(Records for this exercise):
□ □ □ □ □ □ □

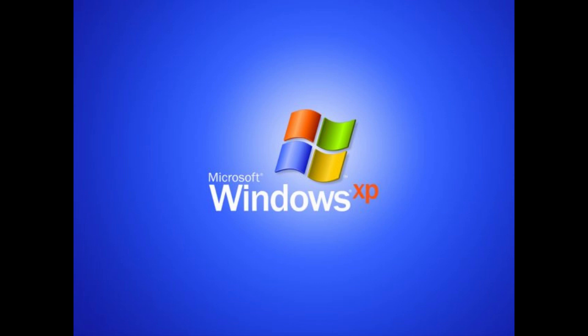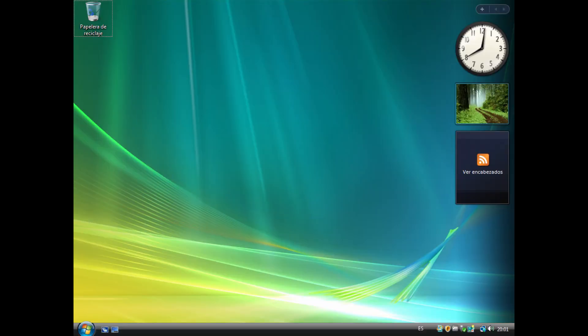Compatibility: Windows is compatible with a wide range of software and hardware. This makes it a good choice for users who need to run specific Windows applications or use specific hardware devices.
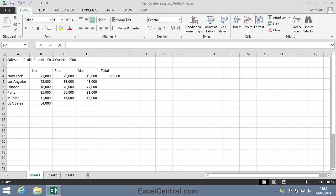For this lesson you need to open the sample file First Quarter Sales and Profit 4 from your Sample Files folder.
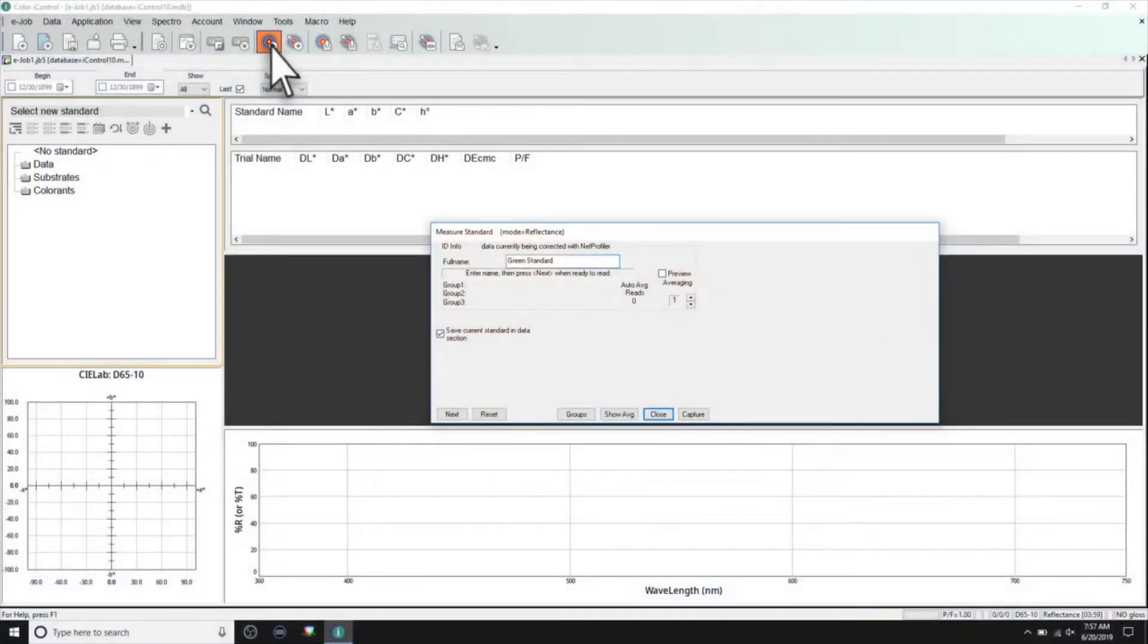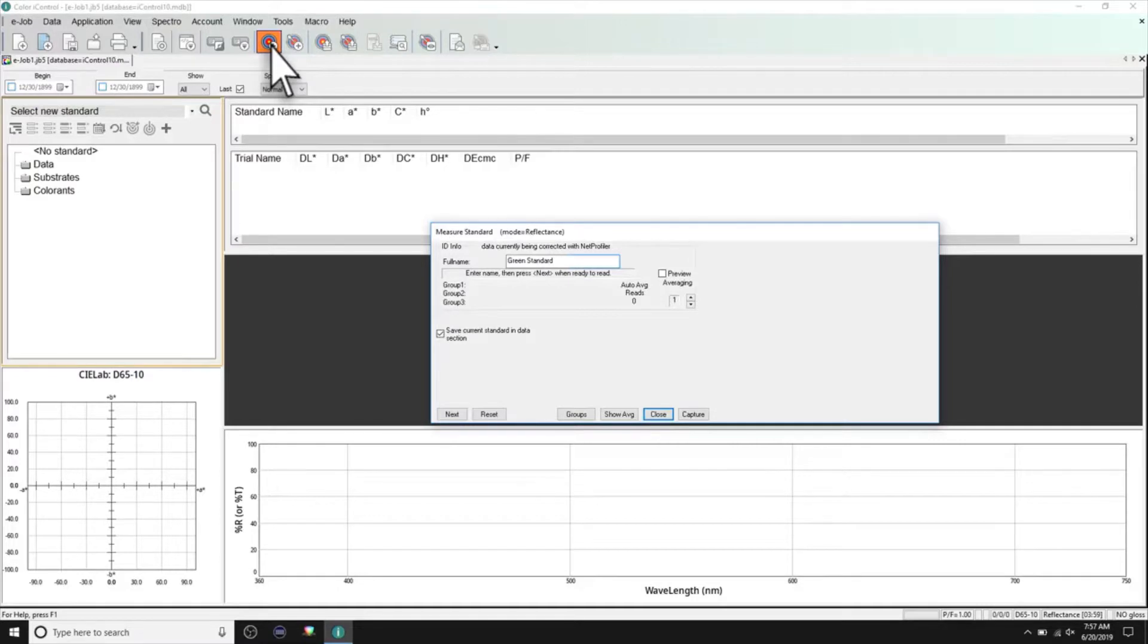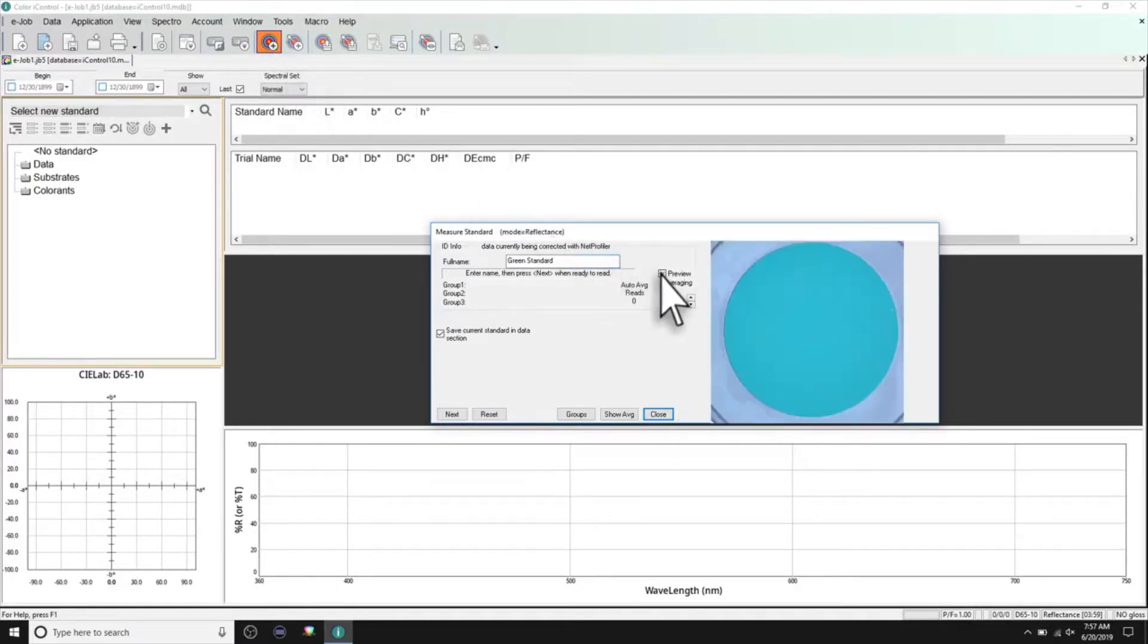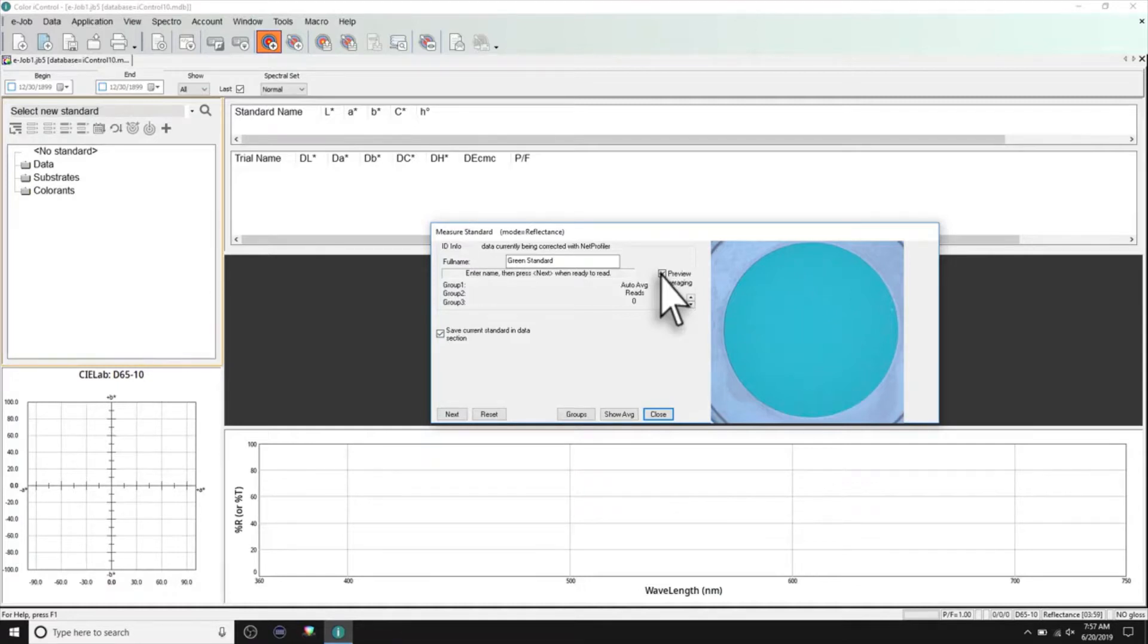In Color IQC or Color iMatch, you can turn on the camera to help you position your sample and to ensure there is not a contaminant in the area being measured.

□ □ □ □ □ □ □

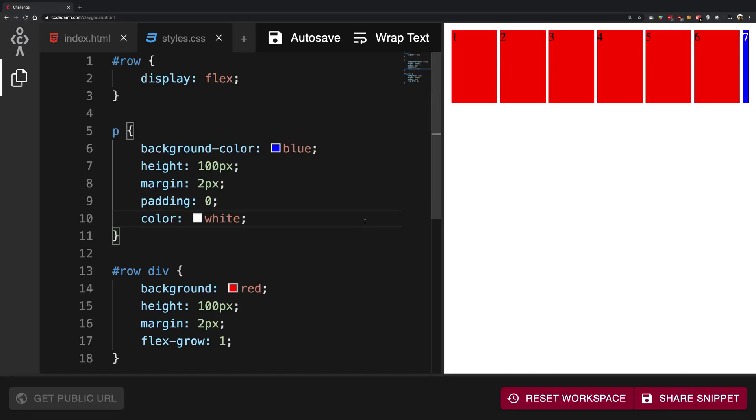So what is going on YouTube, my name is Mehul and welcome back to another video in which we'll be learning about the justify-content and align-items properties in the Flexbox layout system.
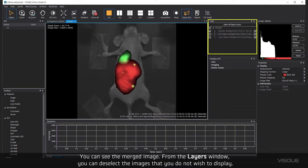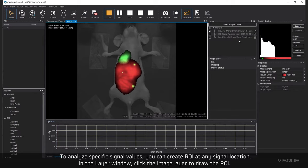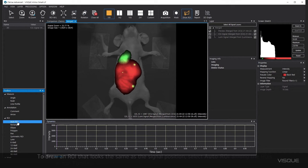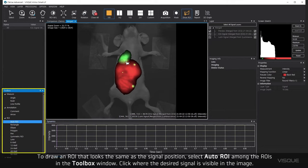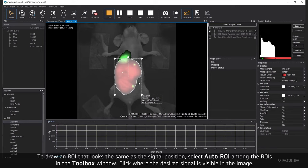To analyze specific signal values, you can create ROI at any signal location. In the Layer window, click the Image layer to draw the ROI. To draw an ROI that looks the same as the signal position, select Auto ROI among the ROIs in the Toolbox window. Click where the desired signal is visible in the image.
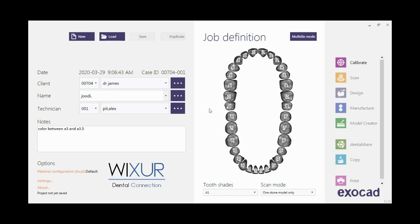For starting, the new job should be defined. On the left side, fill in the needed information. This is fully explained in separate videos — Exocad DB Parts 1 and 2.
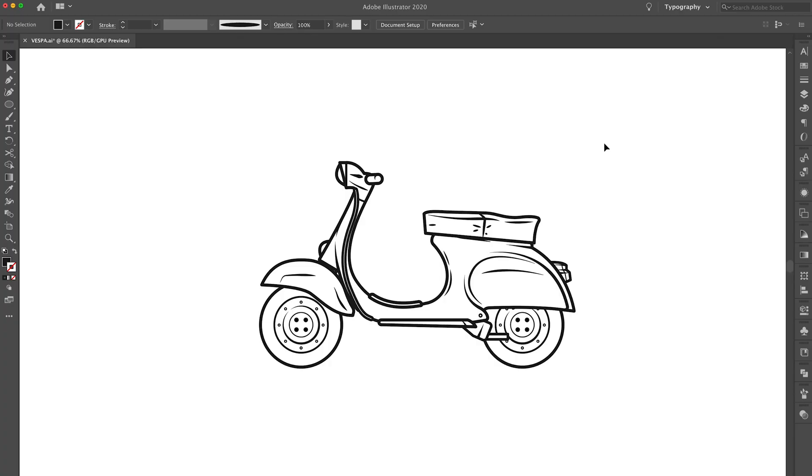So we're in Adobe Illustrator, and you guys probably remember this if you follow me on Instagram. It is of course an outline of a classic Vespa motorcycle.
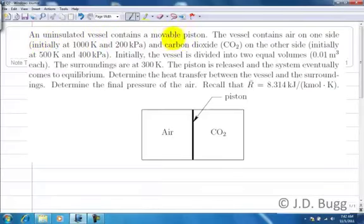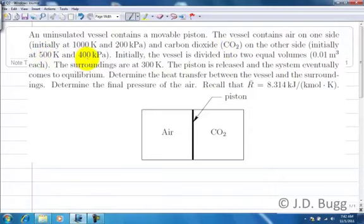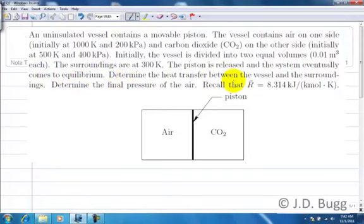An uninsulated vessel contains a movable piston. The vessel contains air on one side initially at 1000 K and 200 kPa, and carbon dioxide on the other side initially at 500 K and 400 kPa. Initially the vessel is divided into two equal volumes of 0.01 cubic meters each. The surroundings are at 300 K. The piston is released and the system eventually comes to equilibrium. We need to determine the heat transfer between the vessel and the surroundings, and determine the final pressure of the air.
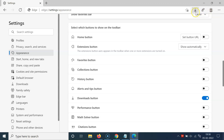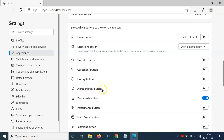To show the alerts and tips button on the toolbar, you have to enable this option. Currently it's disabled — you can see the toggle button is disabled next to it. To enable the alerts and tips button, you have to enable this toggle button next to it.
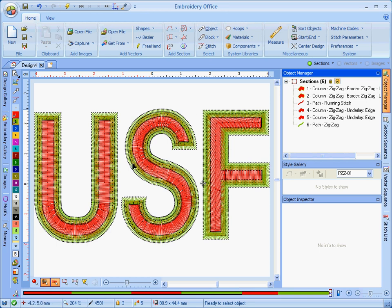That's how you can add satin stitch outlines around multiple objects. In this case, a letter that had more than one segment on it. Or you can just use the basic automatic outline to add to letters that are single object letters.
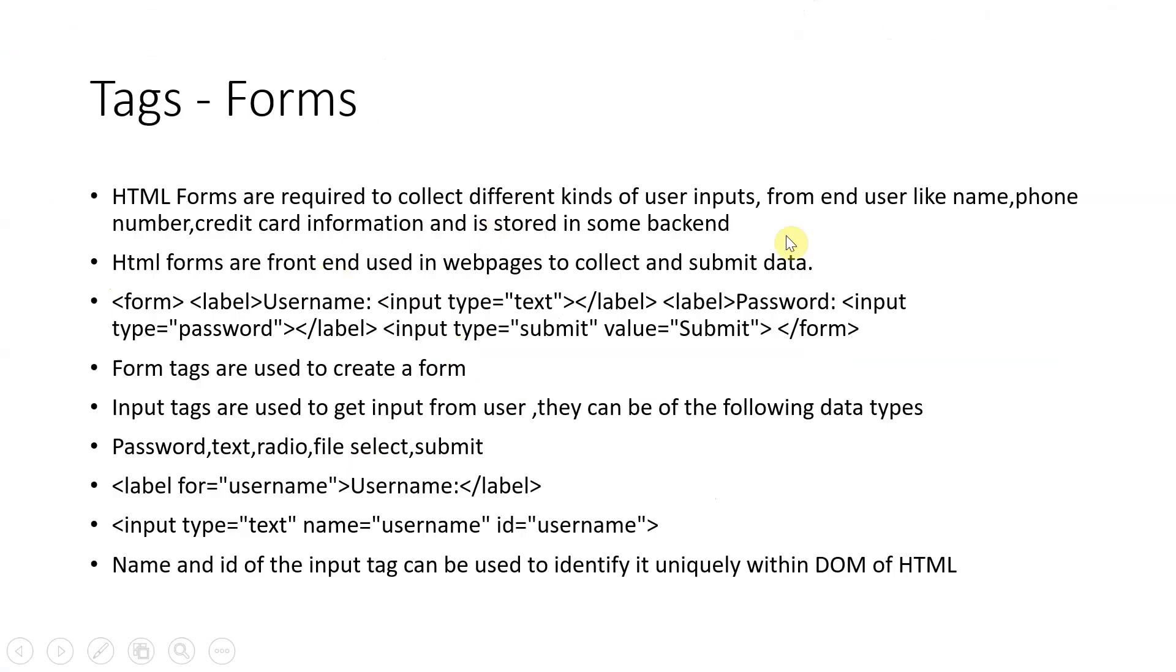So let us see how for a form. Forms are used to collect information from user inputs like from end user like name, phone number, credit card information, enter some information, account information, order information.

□ □ □ □ □ □ □

(Required work):
Using the entries above, reproduce word for word only the lines from the one that contains "For this lesson" to the one that contains "In Color IQC", both ends included, and drop every picture.

(Task response):
For this lesson you need to open the sample file First Quarter Sales and Profit 4 from your Sample Files folder.
In Color IQC or Color iMatch, you can turn on the camera to help you position your sample and to ensure there is not a contaminant in the area being measured.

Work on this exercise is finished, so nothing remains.